Deux Ukrainiennes, qui ont émigré en Russie pour travailler, sont là aussi, l’une de l’ouest ukraïnophile et l’autre de l’est russophile. Elles sont amies, mais pas du même camp. 

Tatiana Begoune 54 ans, pâle, et les traits tirés, peine à contrôler ses émotions. «Pourquoi déployer des chars ? Ma fille dort dans une cave glacée avec un enfant de 10 mois...»

Son amie, Anna Prikhodko, originaire de Donetsk l’interrompt. «Pourquoi ne sont-ils pas venus plus tôt ?» lâche-t-elle.
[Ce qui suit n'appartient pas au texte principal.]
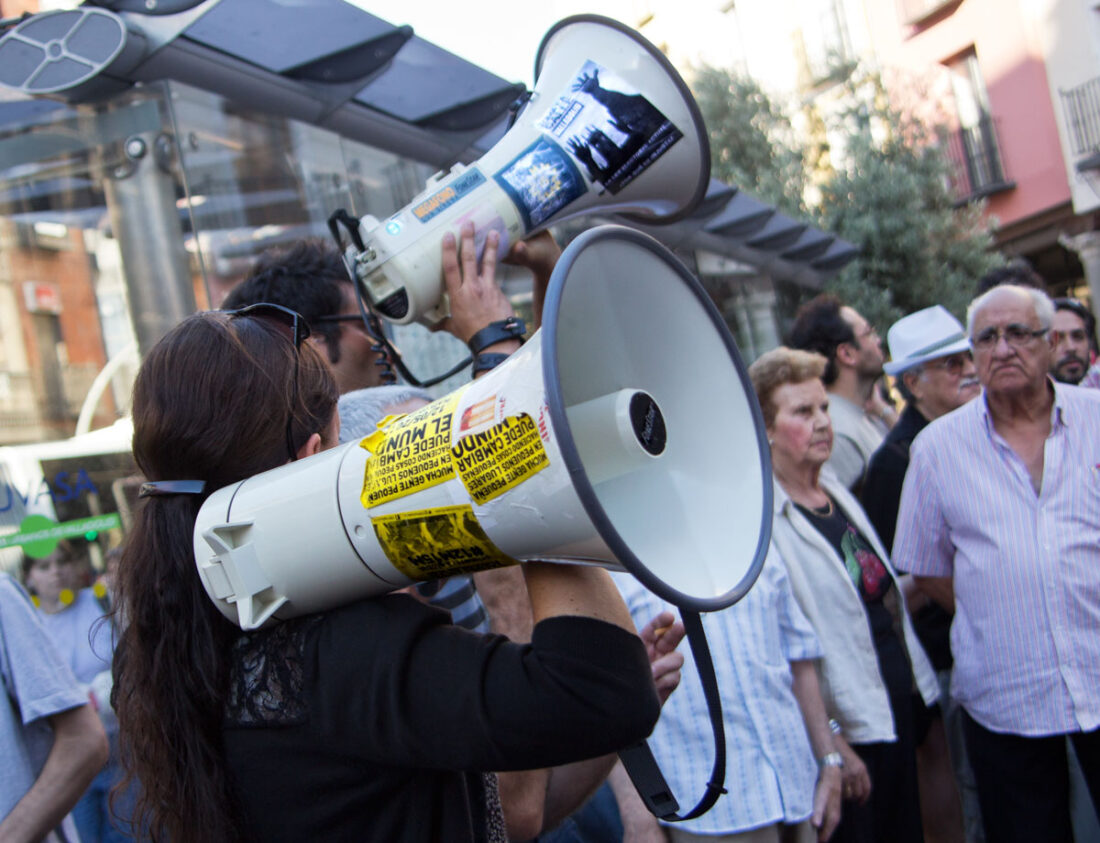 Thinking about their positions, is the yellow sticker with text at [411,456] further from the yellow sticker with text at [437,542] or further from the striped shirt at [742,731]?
the striped shirt at [742,731]

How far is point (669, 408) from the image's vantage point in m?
1.27

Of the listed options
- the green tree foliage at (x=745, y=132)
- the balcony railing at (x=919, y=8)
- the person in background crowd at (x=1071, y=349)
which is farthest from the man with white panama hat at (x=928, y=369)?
the balcony railing at (x=919, y=8)

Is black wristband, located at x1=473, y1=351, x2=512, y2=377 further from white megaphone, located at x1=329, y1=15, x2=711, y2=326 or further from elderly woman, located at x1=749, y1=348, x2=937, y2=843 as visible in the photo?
elderly woman, located at x1=749, y1=348, x2=937, y2=843

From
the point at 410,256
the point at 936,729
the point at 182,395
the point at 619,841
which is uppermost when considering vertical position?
the point at 410,256

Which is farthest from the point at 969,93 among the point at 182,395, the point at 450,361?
the point at 182,395

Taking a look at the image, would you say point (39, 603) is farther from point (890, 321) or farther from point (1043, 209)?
point (1043, 209)

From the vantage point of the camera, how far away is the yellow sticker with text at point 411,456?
987 mm

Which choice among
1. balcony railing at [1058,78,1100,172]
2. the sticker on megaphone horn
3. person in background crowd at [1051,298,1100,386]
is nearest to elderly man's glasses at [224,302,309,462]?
the sticker on megaphone horn

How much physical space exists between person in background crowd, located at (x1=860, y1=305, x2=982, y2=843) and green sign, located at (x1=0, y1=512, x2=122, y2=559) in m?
2.51

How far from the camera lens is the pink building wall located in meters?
14.8

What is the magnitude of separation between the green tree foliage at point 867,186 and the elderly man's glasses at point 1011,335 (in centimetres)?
856

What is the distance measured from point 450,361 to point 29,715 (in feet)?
7.85

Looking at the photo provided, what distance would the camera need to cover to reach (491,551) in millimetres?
990

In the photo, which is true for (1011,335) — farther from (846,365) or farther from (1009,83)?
(1009,83)
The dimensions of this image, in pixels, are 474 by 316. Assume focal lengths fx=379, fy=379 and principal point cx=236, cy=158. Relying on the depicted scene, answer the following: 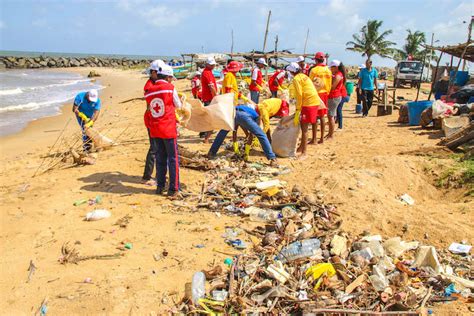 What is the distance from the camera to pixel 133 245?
3879mm

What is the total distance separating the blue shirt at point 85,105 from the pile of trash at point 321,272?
378cm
Il faut chasser ces nazis (le pouvoir ukrainien, NDLR), ce sont eux qui ont amené la guerre !»

Le père Feofilakt du monastère de la nouvelle Jérusalem n’a pas fait mention de l’Ukraine dans son sermon, entièrement consacré au «jugement dernier», à une semaine du carême orthodoxe.

L’Église orthodoxe et le patriarche sont des piliers du système mis en place par Vladimir Poutine. Kirill n’hésite pas à justifier la répression policière des manifestations d’opposition ou à bénir les armes et les guerres de Moscou à l’étranger. En 2012, il a qualifié M. Poutine de «miracle de Dieu».

Pour justifier la guerre, déclenchée jeudi, il invoque «l’unité» de l’Église orthodoxe russe avec les pays issus de la Rus', un État médiéval qui est considéré comme l’ancêtre de la Russie, de l’Ukraine et du Bélarus.

«Nous devons tout faire pour préserver la paix entre nos peuples et en même temps protéger notre patrie historique commune de toutes ces actions de l’extérieur qui peuvent détruire cette unité», a-t-il dit dimanche à Moscou.